Two-Level Categorical Moderator

Let’s start with the basic syntax:

  • Level 1: \(Y_{ij} = \beta_{0j} + \beta_{1j}*time_{1j} + \varepsilon{ij}\)
  • Level 2:
    • \(\beta_{0j} = \gamma_{00} + \gamma_{01}*X_{2j} + U_{0j}\)
    • \(\beta_{1j} = \gamma_{10} + \gamma_{11}*X_{2j} + U_{1j}\)

Now let’s swap that out for a 2 group sample from the present data:

  • Level 1: \(Y_{ij} = \beta_{0j} + \beta_{1j}*age0_{ij} + \varepsilon{ij}\)
  • Level 2:
    • \(\beta_{0j} = \gamma_{00} + \gamma_{01}*groupsNone + U_{0j}\)
    • \(\beta_{1j} = \gamma_{10} + \gamma_{11}*groupsNone + U_{1j}\)
Variable D1
Jail 0
None 1
Code
df1_nested <- df1_nested %>%
  mutate(data_2g = map(data, function(x) x %>% filter(groups != "CommServ")),
         fit3 = map(data_2g, ~lmer(value ~ 1 + age0*groups + (age0 | PROC_CID), data = .)))

When we plot these, we are plotting the simple slopes. Subbing 1 and 0 into the equations above we end up with the following for the groups.

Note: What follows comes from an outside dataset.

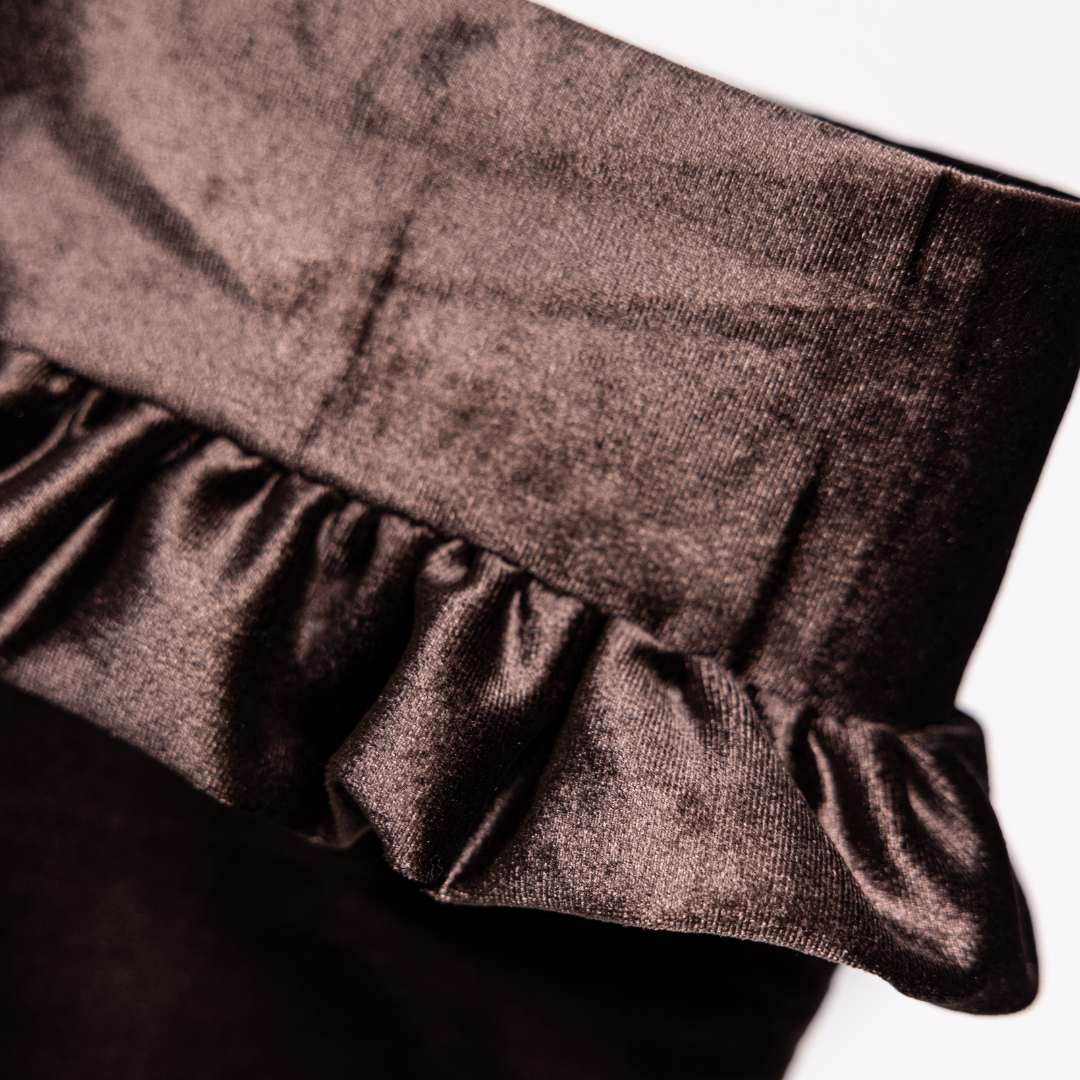 Brown Velvet Holiday Stocking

None: \(Y_{ij} = \gamma_{00} + \gamma_{10}*age\)
Jail: \(Y_{ij} = \gamma_{00} + \gamma_{01} + (\gamma_{10} + \gamma_{11})*age\)

Code
fixed_pred_fun <- function(m){
  frame <- crossing(Intercept = 1, age0 = seq(0, 8, .1),
           groups = c("Jail", "None")) %>%
    mutate(fixed_pred = predict(m, newdata = ., re.form = NA),
           age = age0 + 16,
           groupsn = as.numeric(mapvalues(groups, unique(groups), c(1,0))),
           Int = age0*groupsn)
  frame$SE <- pv_fun(frame %>% select(Intercept, age0, groupsn, Int), m)
  frame %>% select(-Intercept, -groupsn, -Int)
}

ran_pred_fun <- function(m){
  crossing(age0 = seq(0, 8, 1),
         PROC_CID = m@frame$PROC_CID) %>%
    left_join(m@frame %>% as_tibble() %>% select(PROC_CID, groups)) %>%
    distinct() %>%
    mutate(ran_pred = predict(m, newdata = .),
           age = age0 + 16)
}

(df1_nested <- df1_nested %>%
  mutate(fixed_pred3 = map(fit3, fixed_pred_fun),
         ran_pred3 = map(fit3, ran_pred_fun),
         combined_pred3 = map2(fixed_pred3, ran_pred3, full_join)))
Code
df1_nested %>%
  select(trait, combined_pred3) %>%
  unnest(combined_pred3) %>%
  ggplot(aes(x = age)) +
    scale_color_manual(values = c("blue", "red")) +
    geom_line(aes(y = ran_pred, color = groups, group = PROC_CID), size = .25, alpha = .1) +
    geom_line(aes(y = fixed_pred, color = groups), size = 2) +
    lims(y = c(0,4)) +
    labs(x = "Age", y = "Composite Rating",
         title = "Simple Growth Models") +
    facet_grid(~trait) +
    theme_classic() +
    theme(axis.text = element_text(face = "bold", size = rel(1.2)),
          axis.title = element_text(face = "bold", size = rel(1.2)),
          legend.title = element_text(face = "bold", size = rel(1.2)),
          legend.position = "none",
          plot.title = element_text(face = "bold", size = rel(1.2), hjust = .5))

Code
df1_nested %>%
  select(trait, fixed_pred3) %>%
  unnest(fixed_pred3) %>%
  ggplot(aes(x = age, y = fixed_pred, group = groups)) +
    geom_ribbon(aes(ymin = fixed_pred - SE * 1.96,
                    ymax = fixed_pred + SE * 1.96, 
                    fill = groups),
                alpha = .5) +
    geom_line(size = 1) +
    facet_grid(~trait) +
    theme_classic()

Three-Level Categorical Moderator

  • Level 1: \(Y_{ij} = \beta_{0j} + \beta_{1j}*age0_{ij} + \varepsilon{ij}\)
  • Level 2:
    • \(\beta_{0j} = \gamma_{00} + \gamma_{01}*D1 + \gamma_{02}*D2 + U_{0j}\)
    • \(\beta_{1j} = \gamma_{10} + \gamma_{11}*D1 + \gamma_{12}*D2 + U_{1j}\)
Variable D1 D2
Jail 0 0
None 1 0
CommServ 0 1
Code
df1_nested <- df1_nested %>%
  mutate(fit4 = map(data, ~lmer(value ~ 1 + age0*groups + (age0 | PROC_CID), data = .)))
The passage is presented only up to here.